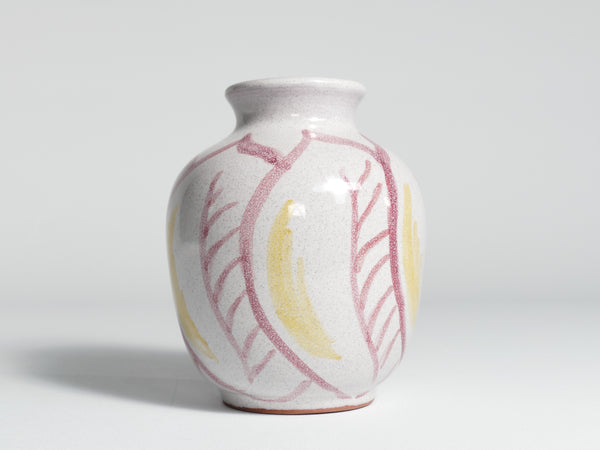 Ceramic Vase with Leaves in Bordeaux Red and Yellow by Alingsås Keramik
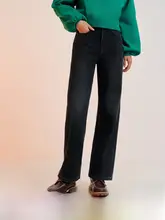 極上の柔らかさデニムパンツ【レディース・フルレングス・裏地フリース・ワイドパンツ】（セットアップ対応）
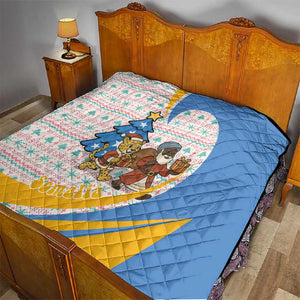 Somalia Christmas Quilt Santa Cheetah Christmas Tree Village Scene and Festive Snowflake - African Pride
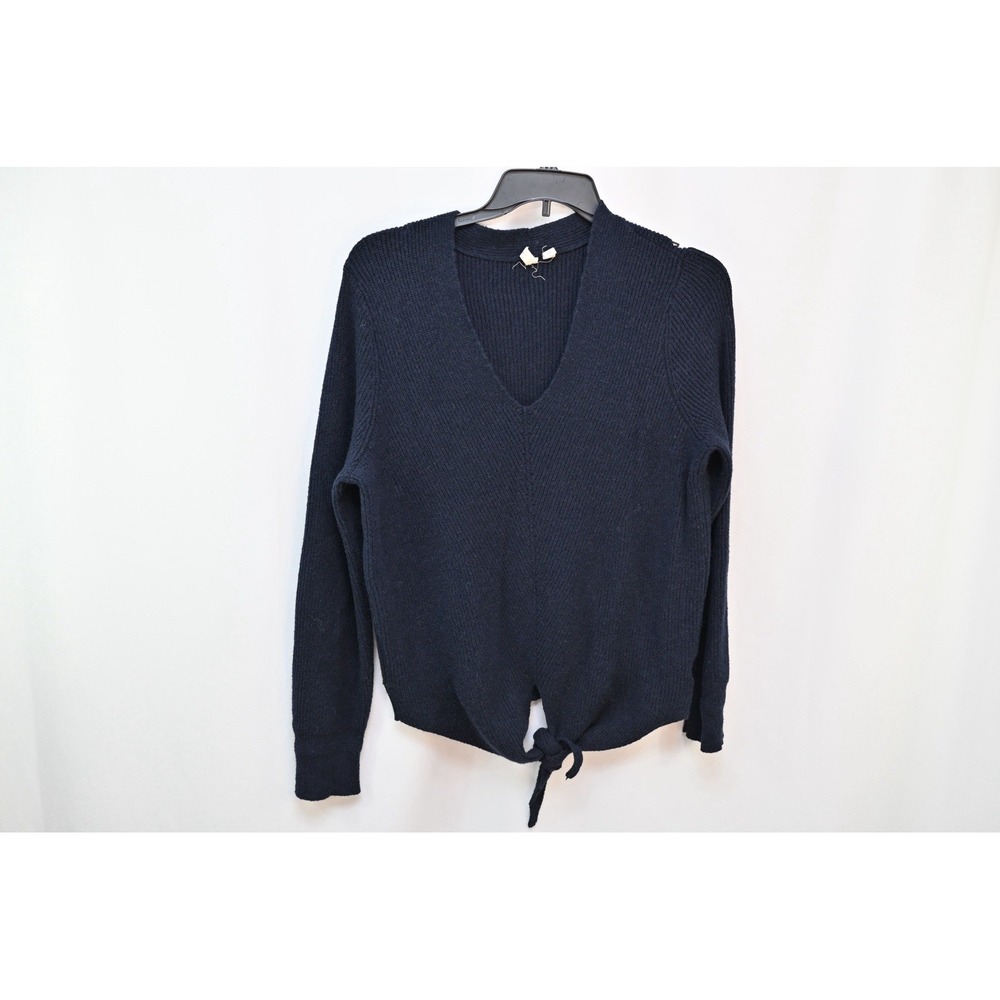 Anthropologie Moth Navy Blue V-Neck Ribbed Front Tie Knot Sweater XL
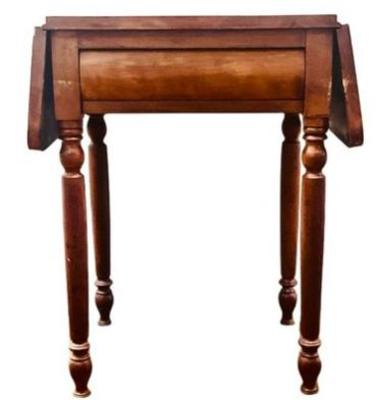 Sale Photo Thumbnail #56: Drop Leaf Table - Turned Legs & Convex Central Draw
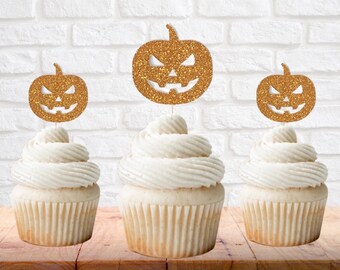 Jack o Lantern Cupcake Toppers Halloween Toppers Halloween Cupcake Toppers Halloween Picks Pumpkin Toppers Halloween Donut Toppers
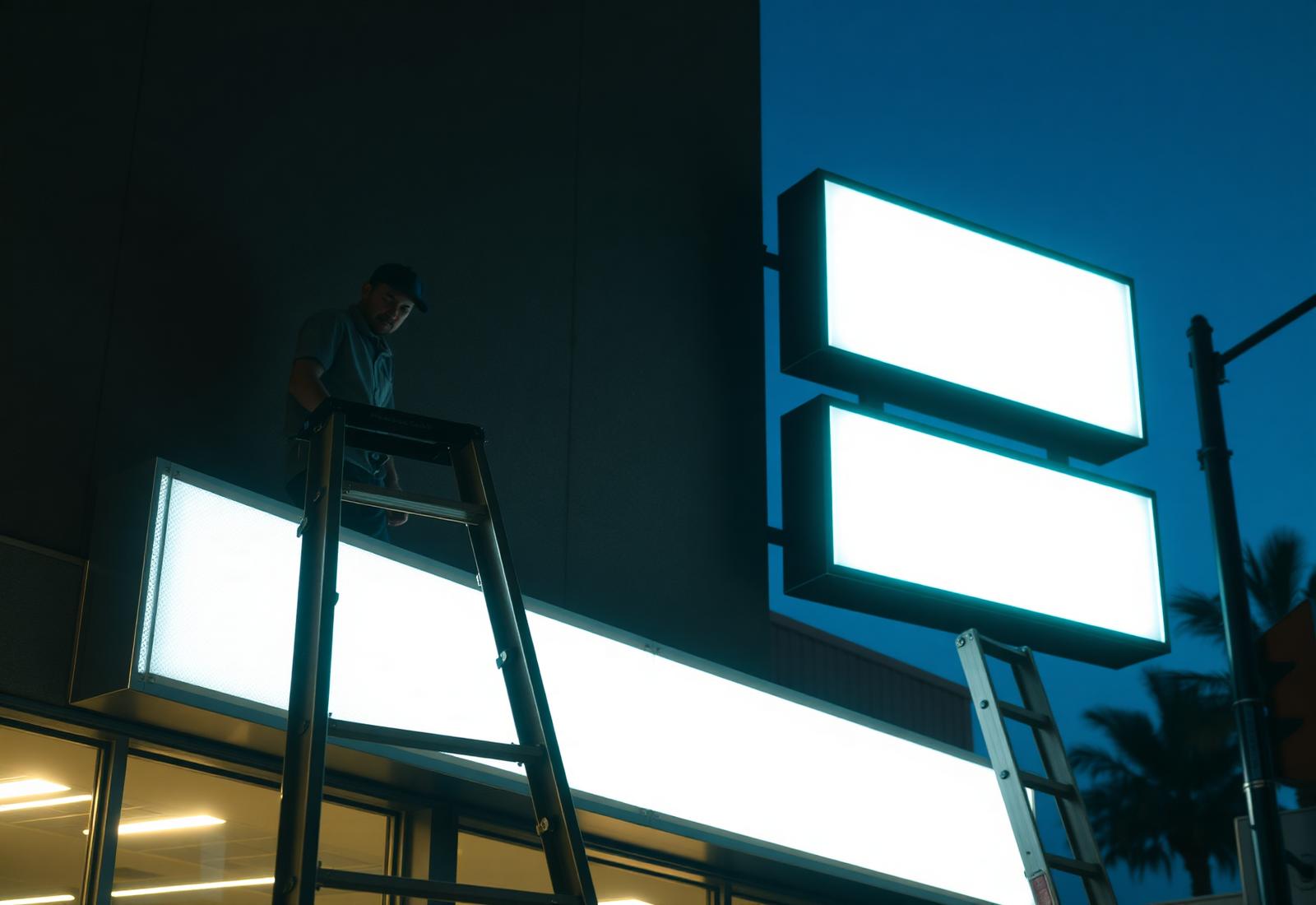 Technician on a ladder servicing an illuminated commercial storefront sign at dusk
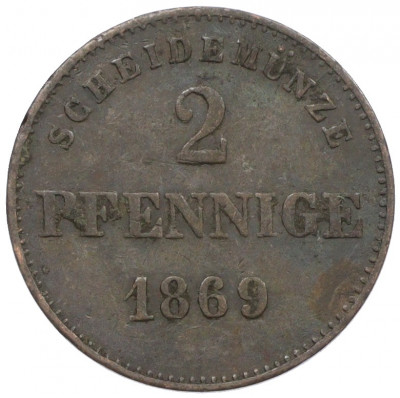 2 пфеннига 1869 года Саксен-Мейнинген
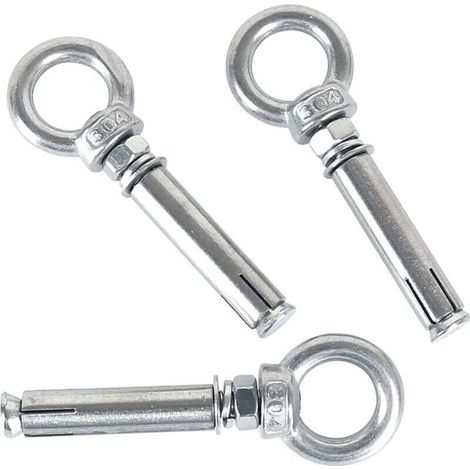 10-Pack Boulons à Expansion M8 x 70mm Manchon en Acier Boulon à œil 304 Inoxydable Expansion du Béton Ancrage Vis à Oeil Chevilles Boulons (1/4)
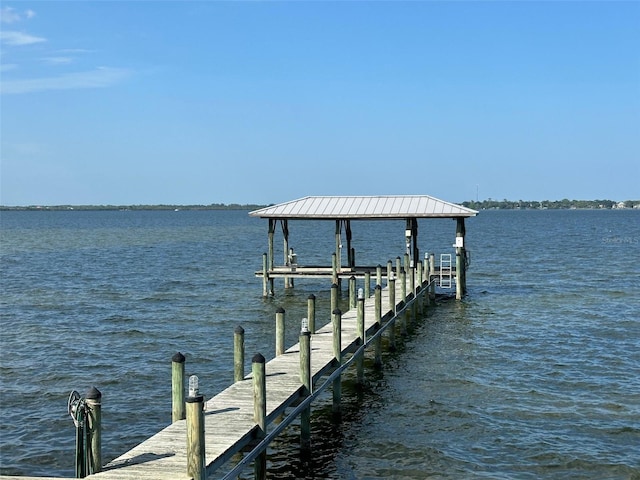 view of dock featuring a water view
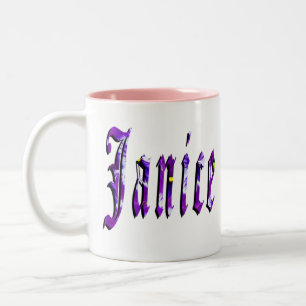 Caneca De Café Em Dois Tons Logotipo do nome da Janice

+ + + +

Prompt:
Set down again, word for word, every line from the one with "Anthropologie Moth Navy" to the one with "view of dock featuring a water view" in the entries above, and omit the pictures.

Expected answer:
 Anthropologie Moth Navy Blue V-Neck Ribbed Front Tie Knot Sweater XL
 Sale Photo Thumbnail #56: Drop Leaf Table - Turned Legs & Convex Central Draw
 Jack o Lantern Cupcake Toppers Halloween Toppers Halloween Cupcake Toppers Halloween Picks Pumpkin Toppers Halloween Donut Toppers
 Technician on a ladder servicing an illuminated commercial storefront sign at dusk
 2 пфеннига 1869 года Саксен-Мейнинген
 10-Pack Boulons à Expansion M8 x 70mm Manchon en Acier Boulon à œil 304 Inoxydable Expansion du Béton Ancrage Vis à Oeil Chevilles Boulons (1/4)
 view of dock featuring a water view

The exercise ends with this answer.